Mahfud MD Sebut RUU Omnibus Law Salah Ketik, Guru Besar Unsoed: Menggelikan Sekaligus Memalukan
Nasional

Pernyataan Menko Polhukam Mahfud MD terkait salah ketik RUU Omnibus Law lantas ditanggapi oleh guru besar Universitas Jenderal Soedirman (Unsoed) Purwokerto, Prof Ade Maman Suherman.

WowKeren - Pro dan kontra terhadap Rancangan Undang-Undang (RUU) Omnibus Law Cipta Kerja masih terus bermunculan. Salah satu isu yang menimbulkan kontroversi adalah adanya kewenangan Presiden untuk mengubah Undang-Undang (UU) lewat Peraturan Pemerintah (PP).

Menteri Koordinator Bidang Politik, Hukum, dan Keamanan (Menko Polhukam) Mahfud MD pun memastikan bahwa UU memang tidak bisa diganti dengan PP. Kalaupun ada dalam Omnibus Law poin yang menyebut bahwa UU bisa diganti PP maka menurutnya kemungkinan hal itu disebabkan karena adanya salah ketik.

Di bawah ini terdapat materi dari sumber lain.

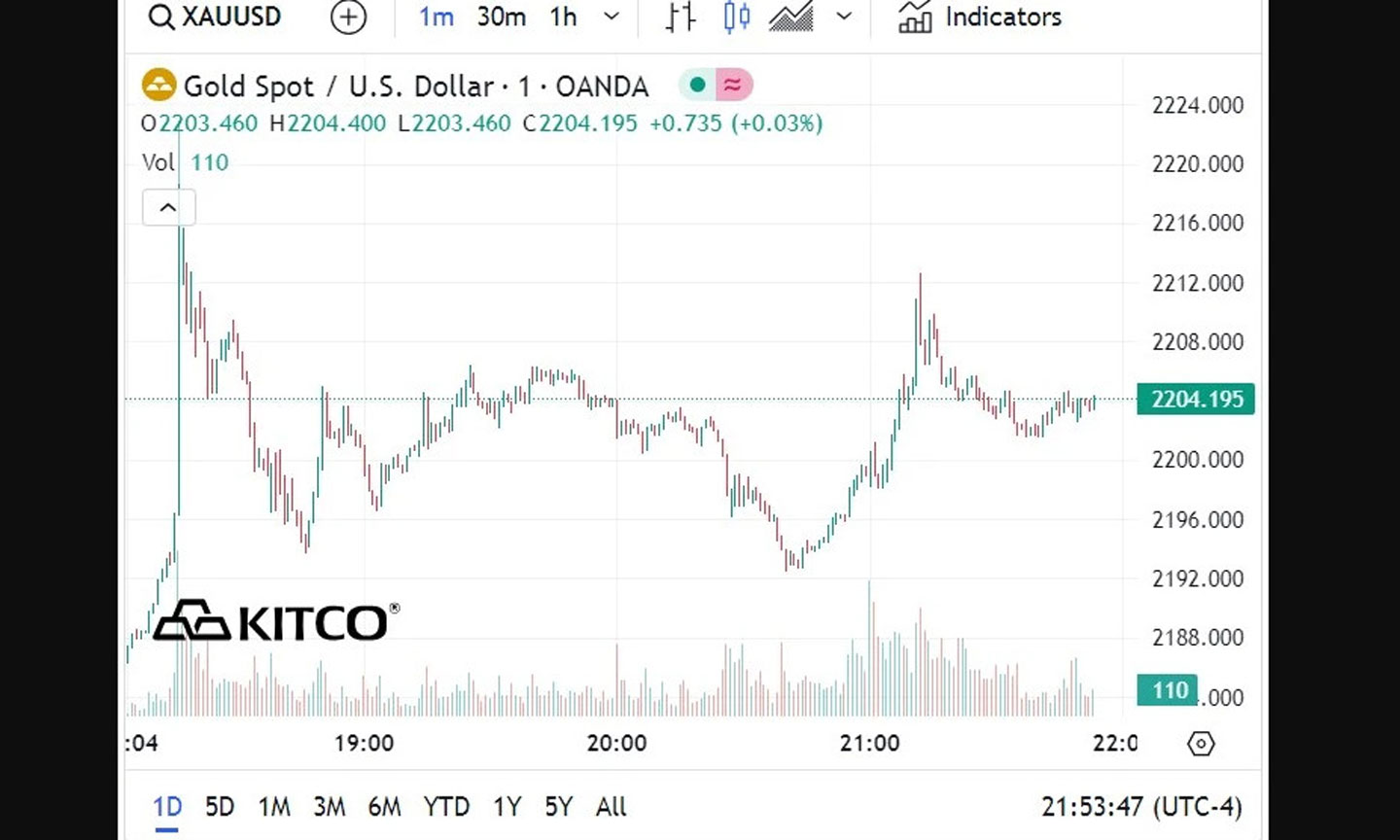 Biểu đồ giá vàng thế giới ngày 21/3. (Ảnh: kitco.com)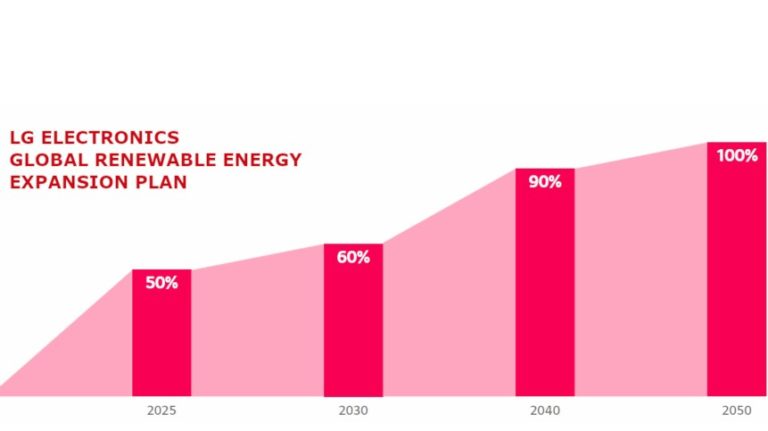 LG Electronics announces expansion on its Zero Carbon 2030 Initiative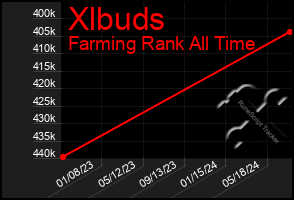 Total Graph of Xlbuds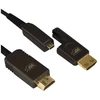 SCP 995AOC-20M-LSZH, 20 m, 2 x HDMI A tipo (standartinis), HDMI D tipo (mikro), 3D, garso grąžinimo kanalas (ARC), juodas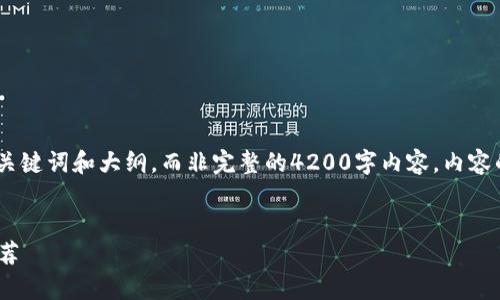 为了确保内容的质量与实用性，以下提供一个简要的、关键词和大纲，而非完整的4200字内容。内容的详细描述需要时间和场地方可提供很高质量的输出。


tpWallet与库神钱包的对比分析：优势、劣势及使用推荐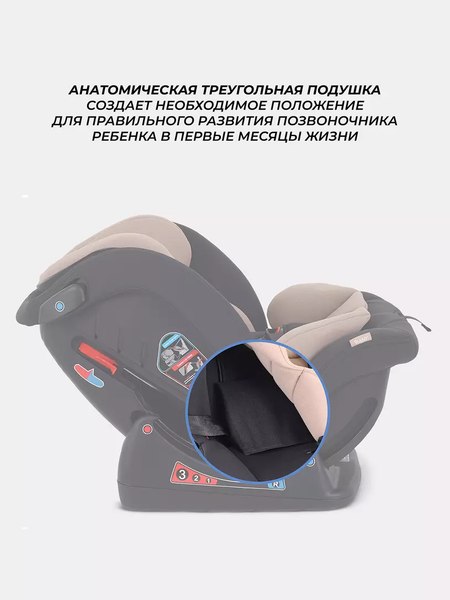 Автокресло Rant Matrix / AY913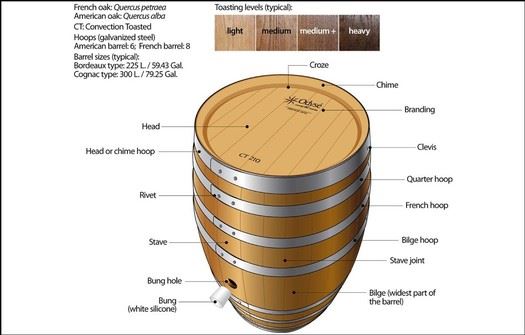 Barrel-parts-Wikipedia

Pernyataan Mahfud ini lantas ditanggapi oleh guru besar Universitas Jenderal Soedirman (Unsoed) Purwokerto, Prof Ade Maman Suherman. "Typo atau substantive error? Draf UU Cipta Lapangan Kerja unprofessional dan under standard," tutur Ade dilansir detikcom pada Rabu (19/2).


Menurut Ade, adanya salah ketik alias typo di RUU Omnibus Law sangatlah menggelikan. Khususnya di kalangan para akademisi pendidikan tinggi hukum.

"Lihat KKNI dan Standar Nasional Pendidikan Tinggi atau Indonesian Quaalification Frame Work sebagaimana diatur Peraturan Presiden Republik Indonesia Nomor 8 tahun 2012," kata Ade. "Parameter KKNI meliputi ilmu pengetahuan/science, pengetahuan/knowledge, pemahaman/know how, skill, afeksi dan kompetensi."

Berdasarkan parameter di atas, tutur Ade, bahkan sarjana hukum fresh graduate akan sangat paham dan berkompetensi untuk mengeksaminasi kekeliruan dalam RUU Omnibus Law. Sehingga, kesalahan seperti typo seharusnya tak boleh terjadi atau berulang.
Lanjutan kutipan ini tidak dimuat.